Boeken / Fictie

Consumptieaardappelen

recensie: Maria Barnas - Jaja de oerknal

Maria Barnas, wier debuut de C. Buddingh’-prijs won en die onlangs nog deel uitmaakte van de VSB Poëzieprijs-jury, komt nu met haar derde dichtbundel: Jaja de oerknal, met angst als leidend thema.

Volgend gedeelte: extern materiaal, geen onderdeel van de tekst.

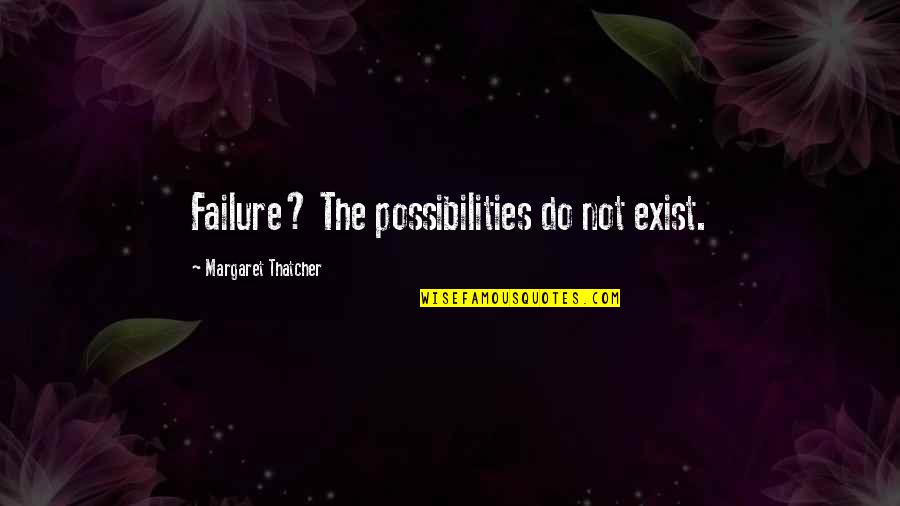 Famous Outcasts Quotes By Margaret Thatcher: Failure? The possibilities do not exist.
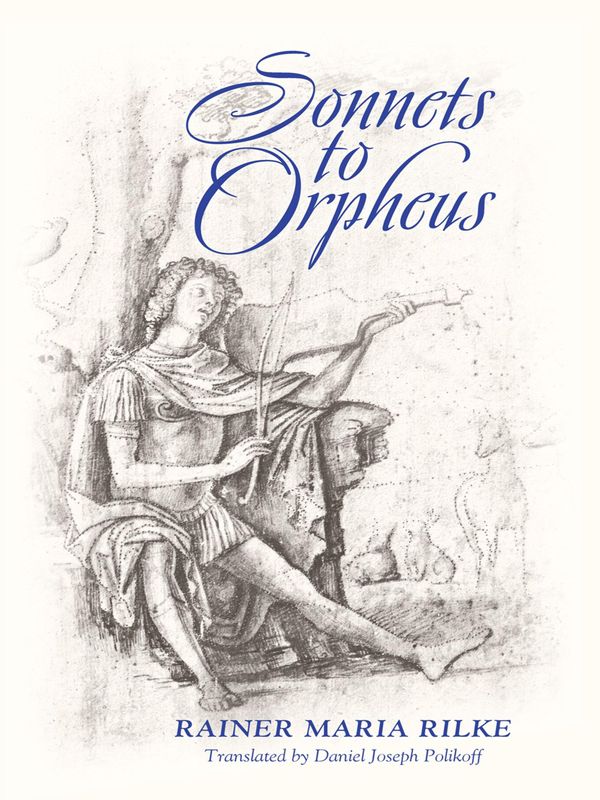 Cover Art for 9781621381174, Sonnets to Orpheus by Rainer Maria Rilke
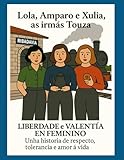 Lola, Amparo e Xulia, as irmás Touza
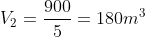 V_2=frac{900}{5}=180m^3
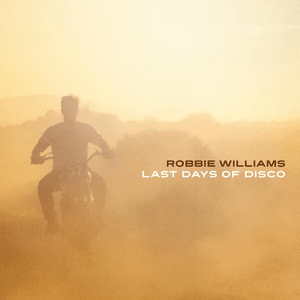 Last Days of Disco - Robbie Williams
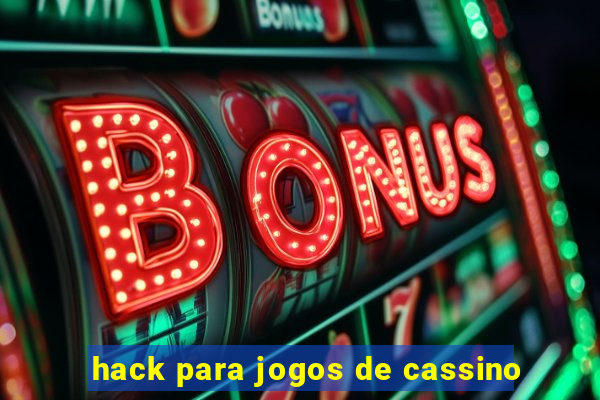 hack para jogos de cassino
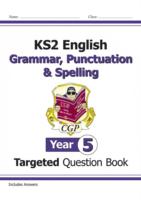 KS2 English Targeted Question Book: Grammar, Punctuation & Spelling - Year 5 - 9781782941330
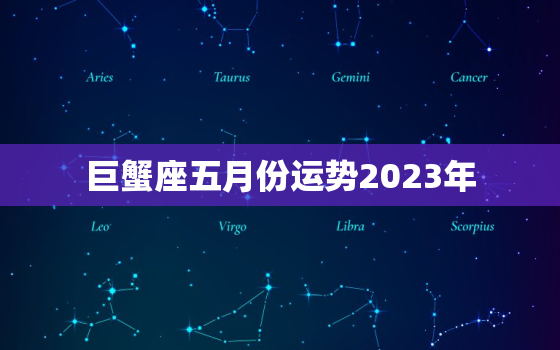 巨蟹座五月份运势2023年，巨蟹座四月份运势2023年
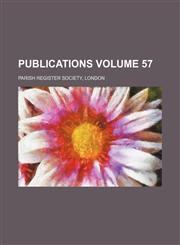 Publications Volume 57,1151432768,9781151432766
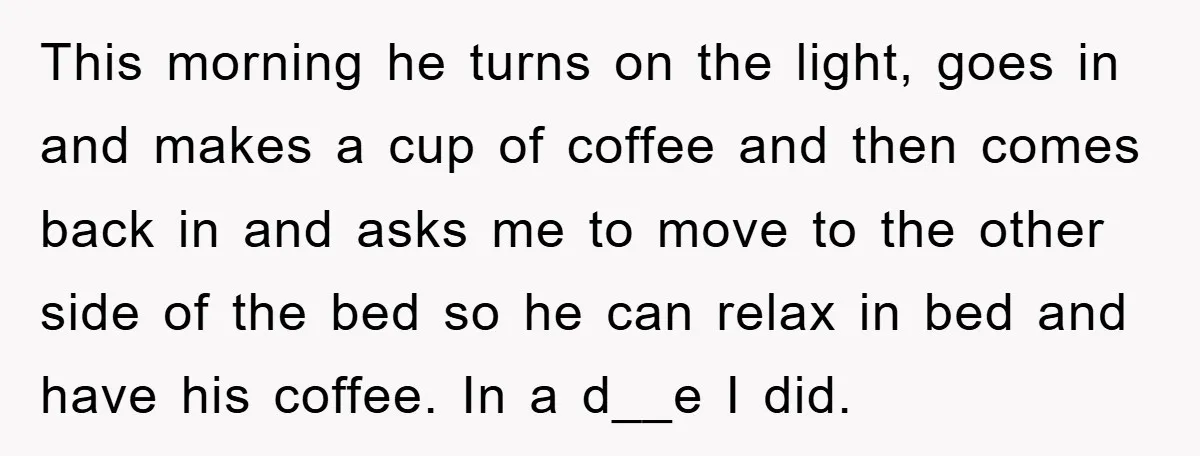 This morning he turns on the light, goes in and makes a cup of coffee and then comes back in and asks me to move to the other side of...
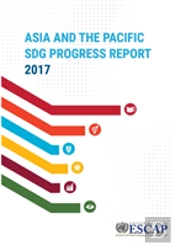 Asia And The Pacific Sdg Progress Report 2017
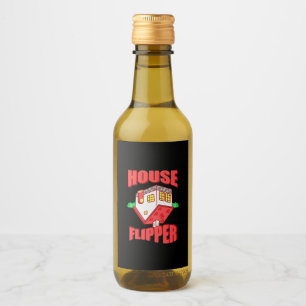 Real Estate Agent House Flipper Wine Label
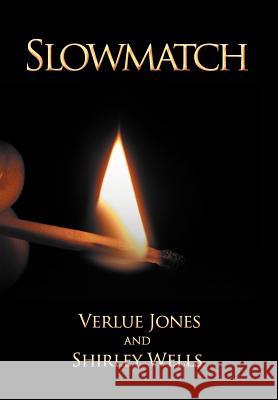 Slowmatch Verlue Jones Shirley Wells 9781479733255 Xlibris Corporation - książka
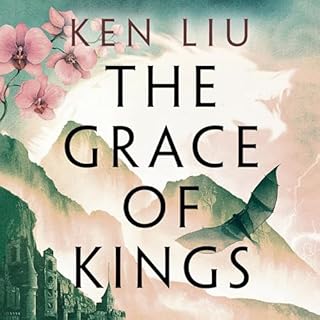 The Grace of Kings Audiobook By Ken Liu cover art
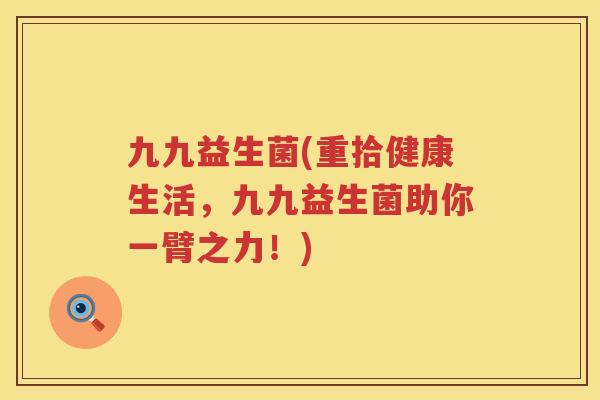 九九益生菌(重拾健康生活,九九益生菌助你一臂之力!) 九九益生菌(重拾健康生活,九九益生菌助你一臂之力!)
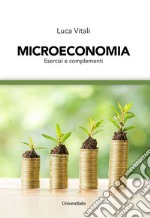 Microeconomia. Esercizi e complementi. Ediz. per la scuola libro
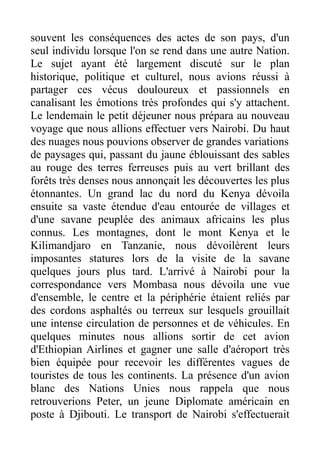 souvent les conséquences des actes de son pays, d'un
seul individu lorsque l'on se rend dans une autre Nation.
Le sujet ayant été largement discuté sur le plan
historique, politique et culturel, nous avions réussi à
partager ces vécus douloureux et passionnels en
canalisant les émotions très profondes qui s'y attachent.
Le lendemain le petit déjeuner nous prépara au nouveau
voyage que nous allions effectuer vers Nairobi. Du haut
des nuages nous pouvions observer de grandes variations
de paysages qui, passant du jaune éblouissant des sables
au rouge des terres ferreuses puis au vert brillant des
forêts très denses nous annonçait les découvertes les plus
étonnantes. Un grand lac du nord du Kenya dévoila
ensuite sa vaste étendue d'eau entourée de villages et
d'une savane peuplée des animaux africains les plus
connus. Les montagnes, dont le mont Kenya et le
Kilimandjaro en Tanzanie, nous dévoilèrent leurs
imposantes statures lors de la visite de la savane
quelques jours plus tard. L'arrivé à Nairobi pour la
correspondance vers Mombasa nous dévoila une vue
d'ensemble, le centre et la périphérie étaient reliés par
des cordons asphaltés ou terreux sur lesquels grouillait
une intense circulation de personnes et de véhicules. En
quelques minutes nous allions sortir de cet avion
d'Ethiopian Airlines et gagner une salle d'aéroport très
bien équipée pour recevoir les différentes vagues de
touristes de tous les continents. La présence d'un avion
blanc des Nations Unies nous rappela que nous
retrouverions Peter, un jeune Diplomate américain en
poste à Djibouti. Le transport de Nairobi s'effectuerait
 
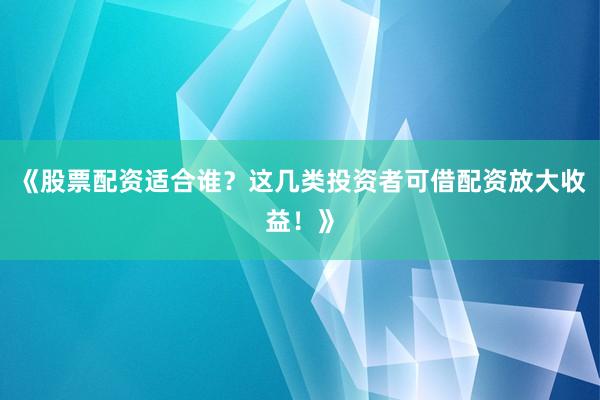 《股票配资适合谁？这几类投资者可借配资放大收益！》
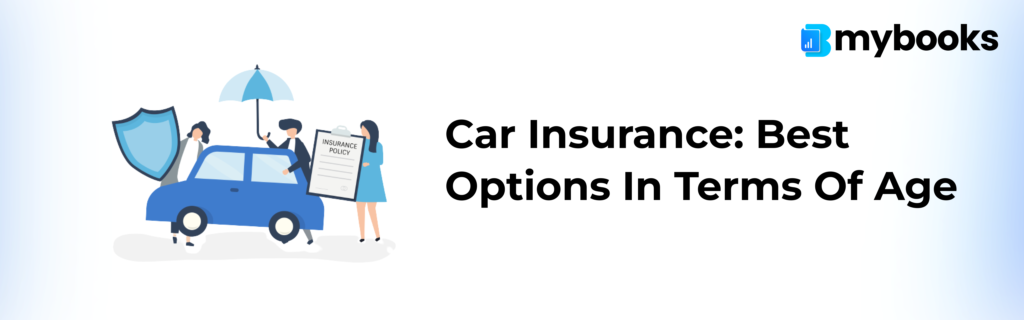 Car Insurance: Best Options in Terms of Age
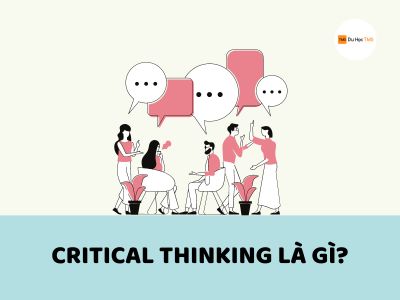 Critical thinking là gì? Phương pháp để rèn critical thinking hiệu quả 
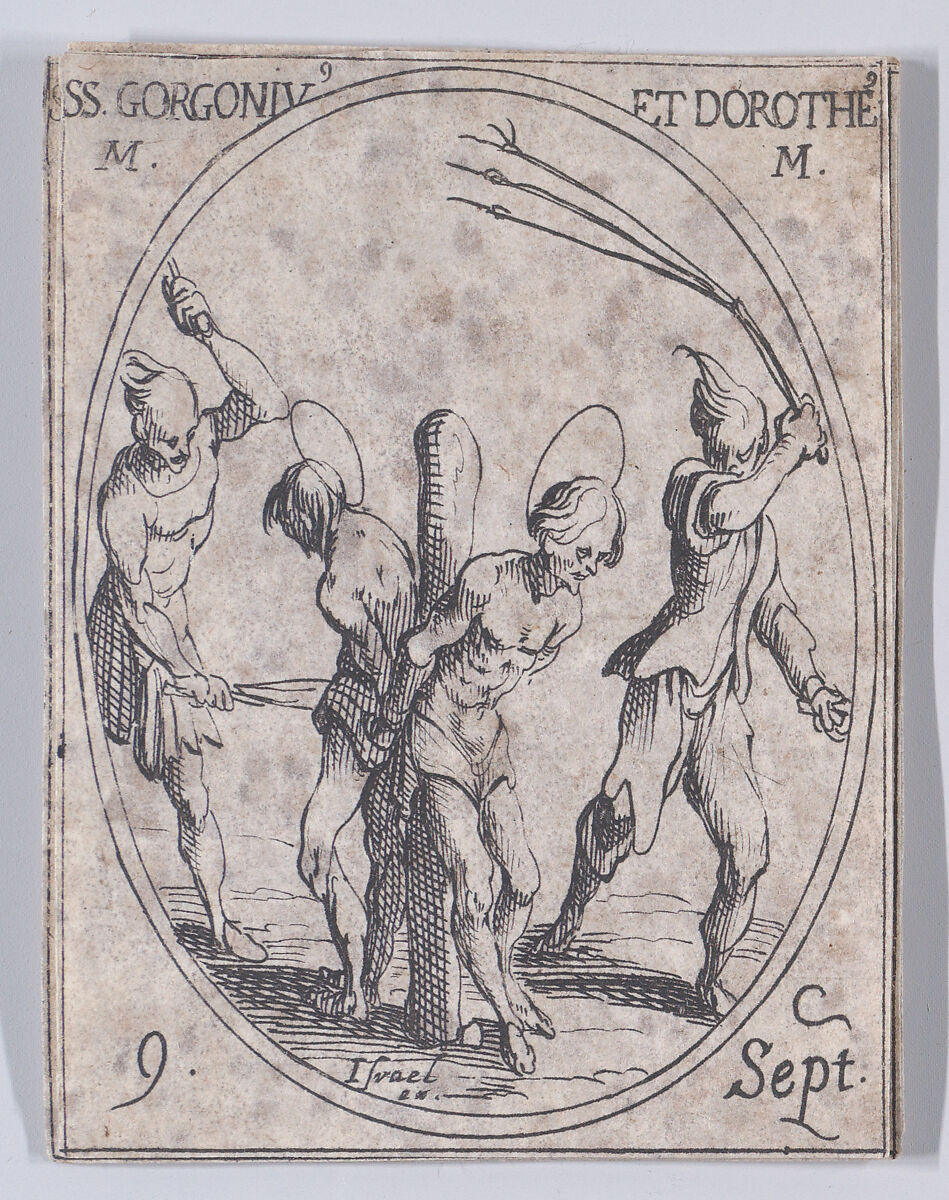 S. Gorgon et St. Dorothée, martyrs (St. Gorgonius and St. Dorotheus, Martyrs), September 9th, from "Les Images De Tous Les Saincts et Saintes de L'Année" (Images of All of the Saints and Religious Events of the Year), Jacques Callot (French, Nancy 1592–1635 Nancy), Etching; second state of two (Lieure)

Die angst blijkt al uit het motto dat uit The Waste Land afkomstig is. ‘What is that sound high in the air / Murmur of maternal lamentation’ schrijft T.S. Eliot, ‘Who are those hooded hordes swarming’. Helaas lukt het Barnas nauwelijks het krachtige motto te evenaren.

Oerknal, jaja
De angst komt in uiteenlopende gestalten voor. Bij het geven van een lezing, bij de meningen van anderen, angst in vlagen, angst voor de dood enzovoorts. Het toch enigszins geestige titelgedicht verwijst naar de bron van de angst:

Jaja de oerknal hoor ik mezelf zeggen.
Hoe is het mogelijk dat dit in mijn mond past?
Het ontstaan een klont op mijn tong.

Stil. Angst is een zwerm die rust in een boom.
Of zijn het woorden die zich inktzwart
op de takken verdringen. Het is een vorm

van paniek die opwelt in mij en als opvliegende
zwerm uit mijn keel breekt. Het heelal slaat
de vleugels uit. Wij klapwiegen en juichen schril.

Barnas’ gedichten zijn vol taalspel, zoals in het geval van die vlagen waarnaar het woord vlaggen verwijst. Knap is het hoe onderwerpen en thema’s op subtiele wijze binnen de gedichten terugkeren. Ook de lichtvoetigheid is te prijzen, maar de bij aanvang enigszins eenduidig ogende gedichten kunnen je soms langer bezighouden dan je denkt.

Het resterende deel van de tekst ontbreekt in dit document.